A B.C. Supreme Court judge has granted a woman an annulment after her husband was unable to maintain an erection or have sexual intercourse with her.
In a judgement released earlier this month, Justice Wendy Baker noted that precedent was set in 1857 for the courts to annul a marriage based on impotency. Prior to that, ecclesiastical courts were the only way to annul a marriage.
“Pursuant to the domestic law of British Columbia, a marriage is voidable where a claimant has established their spouse lacks the capacity to consummate the marriage,” Baker wrote.
The couple, dubbed S.Z. and X.J. to protect their privacy, were married on Aug. 11, 2018. The wife, S.Z., had sought an annulment instead of a divorce due to her faith.

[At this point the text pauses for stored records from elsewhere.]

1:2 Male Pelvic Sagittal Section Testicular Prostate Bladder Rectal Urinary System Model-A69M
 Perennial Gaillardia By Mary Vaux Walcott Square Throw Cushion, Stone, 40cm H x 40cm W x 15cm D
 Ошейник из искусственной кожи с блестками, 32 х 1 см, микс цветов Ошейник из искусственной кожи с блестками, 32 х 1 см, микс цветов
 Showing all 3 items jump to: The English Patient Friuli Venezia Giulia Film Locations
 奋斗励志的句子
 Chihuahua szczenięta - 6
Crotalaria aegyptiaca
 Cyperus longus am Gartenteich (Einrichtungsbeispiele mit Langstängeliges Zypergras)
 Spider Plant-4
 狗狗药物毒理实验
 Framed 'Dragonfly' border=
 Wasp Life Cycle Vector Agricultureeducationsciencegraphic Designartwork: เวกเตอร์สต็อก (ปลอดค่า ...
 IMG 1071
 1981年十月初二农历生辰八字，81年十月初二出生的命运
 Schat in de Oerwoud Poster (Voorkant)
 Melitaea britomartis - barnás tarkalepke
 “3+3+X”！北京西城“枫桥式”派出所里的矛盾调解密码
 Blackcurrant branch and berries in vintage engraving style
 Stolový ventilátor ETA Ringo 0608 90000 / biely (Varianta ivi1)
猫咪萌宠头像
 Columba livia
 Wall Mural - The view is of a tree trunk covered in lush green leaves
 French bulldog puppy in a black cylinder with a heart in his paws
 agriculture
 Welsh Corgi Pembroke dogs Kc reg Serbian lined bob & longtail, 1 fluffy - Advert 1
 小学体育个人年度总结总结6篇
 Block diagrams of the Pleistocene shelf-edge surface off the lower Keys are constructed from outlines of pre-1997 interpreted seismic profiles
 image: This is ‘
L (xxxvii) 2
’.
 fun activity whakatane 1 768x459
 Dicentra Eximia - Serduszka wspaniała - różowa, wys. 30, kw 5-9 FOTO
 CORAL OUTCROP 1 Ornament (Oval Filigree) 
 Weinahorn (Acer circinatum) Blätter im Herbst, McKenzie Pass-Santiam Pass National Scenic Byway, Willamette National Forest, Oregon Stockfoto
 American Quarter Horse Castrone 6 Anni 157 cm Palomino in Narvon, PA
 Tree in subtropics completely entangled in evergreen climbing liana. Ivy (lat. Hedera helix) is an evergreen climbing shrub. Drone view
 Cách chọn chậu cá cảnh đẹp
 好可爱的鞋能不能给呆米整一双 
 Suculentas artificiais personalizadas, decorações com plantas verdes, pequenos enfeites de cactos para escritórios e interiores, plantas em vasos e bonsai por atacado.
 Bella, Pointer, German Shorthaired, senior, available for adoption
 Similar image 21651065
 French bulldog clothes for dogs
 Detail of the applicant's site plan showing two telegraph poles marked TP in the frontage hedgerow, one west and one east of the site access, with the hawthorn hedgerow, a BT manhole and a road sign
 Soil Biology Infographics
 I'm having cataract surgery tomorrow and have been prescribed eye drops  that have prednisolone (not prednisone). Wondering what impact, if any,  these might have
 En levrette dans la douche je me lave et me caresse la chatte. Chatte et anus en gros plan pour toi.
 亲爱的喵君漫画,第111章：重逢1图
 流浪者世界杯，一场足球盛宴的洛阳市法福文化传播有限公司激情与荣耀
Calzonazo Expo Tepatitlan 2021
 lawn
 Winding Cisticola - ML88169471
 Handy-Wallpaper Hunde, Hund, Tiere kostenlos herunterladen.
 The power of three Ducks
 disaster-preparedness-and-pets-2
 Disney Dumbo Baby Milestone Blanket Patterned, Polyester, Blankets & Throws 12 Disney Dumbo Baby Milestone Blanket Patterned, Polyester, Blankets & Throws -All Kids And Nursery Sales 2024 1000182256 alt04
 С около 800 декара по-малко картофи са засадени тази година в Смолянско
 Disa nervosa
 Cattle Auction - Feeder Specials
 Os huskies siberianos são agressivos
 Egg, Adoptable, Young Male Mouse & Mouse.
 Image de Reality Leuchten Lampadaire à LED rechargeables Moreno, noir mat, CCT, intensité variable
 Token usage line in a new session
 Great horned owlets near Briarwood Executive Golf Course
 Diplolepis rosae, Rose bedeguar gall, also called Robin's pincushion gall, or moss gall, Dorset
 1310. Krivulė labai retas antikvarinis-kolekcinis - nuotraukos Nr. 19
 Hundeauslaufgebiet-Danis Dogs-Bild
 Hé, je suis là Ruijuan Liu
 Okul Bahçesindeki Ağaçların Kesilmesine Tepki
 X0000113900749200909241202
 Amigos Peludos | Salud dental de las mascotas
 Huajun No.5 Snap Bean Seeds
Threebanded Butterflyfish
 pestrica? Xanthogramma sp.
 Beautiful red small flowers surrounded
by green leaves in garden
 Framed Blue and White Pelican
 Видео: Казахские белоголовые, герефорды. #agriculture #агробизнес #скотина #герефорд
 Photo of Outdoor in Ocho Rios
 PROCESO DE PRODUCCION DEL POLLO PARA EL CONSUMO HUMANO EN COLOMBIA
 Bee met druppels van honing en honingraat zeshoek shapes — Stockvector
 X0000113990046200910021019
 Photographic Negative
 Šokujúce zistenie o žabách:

According to Baker, evidence showed the couple attended pre-marriage counselling sessions at the Chinese Alliance Church in Vancouver, although X.J. did not disclose to his future wife that he had any sexual health concerns.
Baker said the couple did not live together prior to marriage but did discuss having children together. The marriage was never consummated despite the couple’s attempts at sexual intercourse about twice a week from August 2018 to March 2019.
The wife is alleged to have asked her then-husband to see a doctor about his sexual health in June 2019 but he put it off. Later, the couple did see a doctor for a blood test, although the test did not reveal any health issues. The wife then asked her husband to get a second opinion, and alleges they tried to have sex four to five times a week after the initial doctor’s visit, but the parties stopped living together in September 2019.
In her judgement, Baker wrote that although in earlier times, impotency needed to be permanent and without the chance of a cure, that was unnecessary for her to grant an annulment in 2020.
“I am satisfied that the extremely strict standard of proof required in earlier centuries resulted from an apparent horror of impotency within the cultural norms of those times. I am not satisfied that this extremely strict standard of proof is necessary or appropriate today.”